Williford claims first that counsel was ineffective because he failed to investigate and find an important witness, Patricia Bell. The witness had been interviewed by the Public Defender’s Office, but was not contacted by trial counsel.
Specifically regarding the duty to make investigation, the court in Strickland stated 104 S.Ct. at 2066:
Strategic choices made after less than complete investigation are reasonable precisely to the extent that reasonable professional judgments support the limitations on investigation. In other words, counsel has a duty to make reasonable investigations or to make a reasonable decision that makes particular investigations unnecessary. In any ineffectiveness case, a particular decision not to investigate must be directly assessed for reasonableness in all the circumstances, applying a heavy measure of deference to counsel’s judgments.
Here counsel .presented witnesses who testified to the relationship between Williford and his wife. Bell’s testimony would have gone to this issue and would not have added significant' additional information. Her testimony could not have maligned the victim’s character more thoroughly than did the testimony of Attorney Vincent Vassallo, whose statements regarding Annabelle’s abuse of the children nearly caused *1176a mistrial. In addition, there was testimony in the record from more than one source that- Annabelle brought her young boyfriend to a hearing in the office of the Family Court Commissioner regarding her request for “more money” from Williford. There was also testimony that Annabelle carried a gun. The only additional information Bell would have given was to state that Annabelle was very irritable following a hysterectomy performed six years prior to her murder. If it was incompetent for the attorney not to have found Bell — and I do not think that it was — it certainly cannot be said to have been so serious as to have deprived Williford of a fair trial.
Another way in which counsel was said to have been ineffective was in his failure to object to the introduction of two misdemeanor convictions which occurred at least twenty years previously. Respondent concedes that it was error to admit the convictions; presumably then counsel should have objected to their use.
In this context, it is especially important to keep in mind the strength of the State’s case against Williford, not the least part of which is his immediate confession to the Racine Police Department. In that context, to argue that two misdemeanor convictions prejudiced the jury into finding Williford guilty is absurd.
Finally, it is argued that counsel was incompetent because of his failure to object to six instances in which the prosecutor violated Doyle v. Ohio, 426 U.S. 610, 96 S.Ct. 2240, 49 L.Ed.2d 91 (1976), by referring to Williford’s request to consult with an attorney.
Because one of the defenses here was intoxication, respondent maintains that the questions regarding Williford’s invocation of his right to counsel were to show that he was acting rationally and soberly immediately after the shooting. Counsel’s failure to object to this testimony could be based on a reasonable belief that such a use of the evidence was permissible.
More importantly, however, it is extremely difficult to imagine how such questions prejudiced the defendant who had, just pri- or to asking to consult with his lawyer, confessed the shooting.

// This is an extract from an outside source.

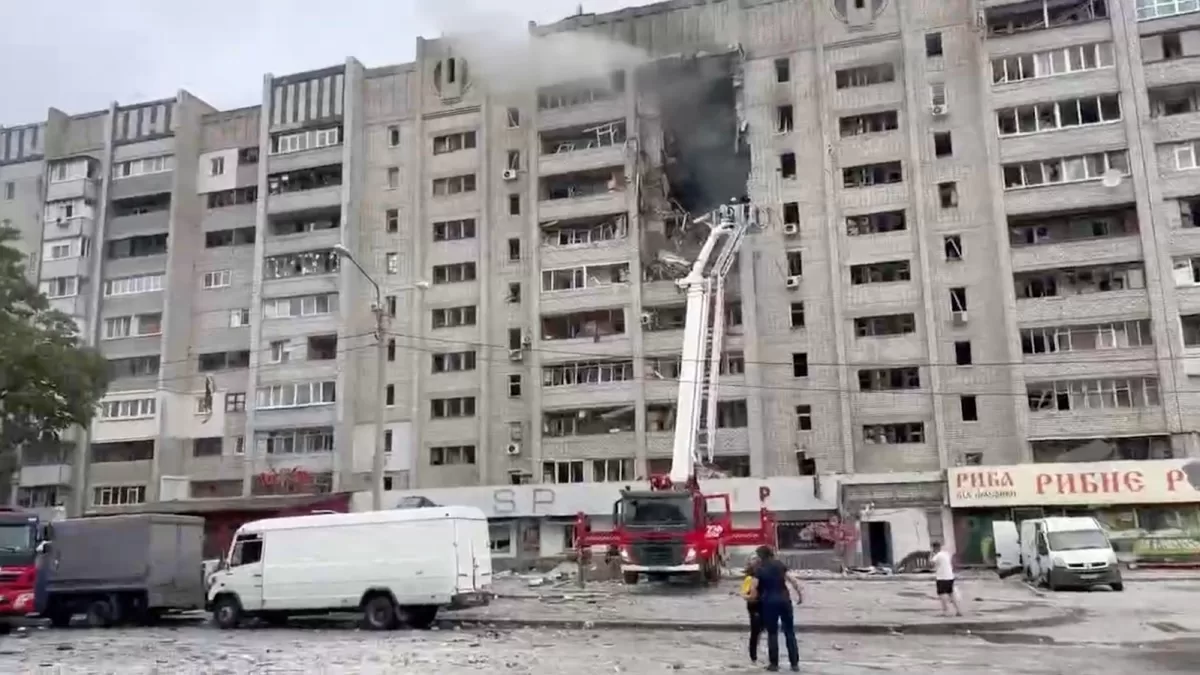 Три удара по Салтовскому району Харькова: один из них пришелся по жилому дому / Фото: скриншот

Surely any citizen who shot another person for whatever reason under whatever extenuating circumstances would want to see a lawyer. It is when a suspect denies committing the act and the prosecutor refers to his desire to see a lawyer that impermissible inferences can creep into a trial. In short, if counsel, should have objected to this material, and if his failure to object under these circumstances can be said to have made his representation ineffective, petitioner has nevertheless failed to carry his burden in showing that he was prejudiced in any manner by these references.
Williford’s final contention is that the jury instruction on intoxication impermissibly shifted to him the burden of persuasion on an essential element of the crime of first degree murder — intent. The instruction included the following language:
The defense of intoxication is an issue in this case.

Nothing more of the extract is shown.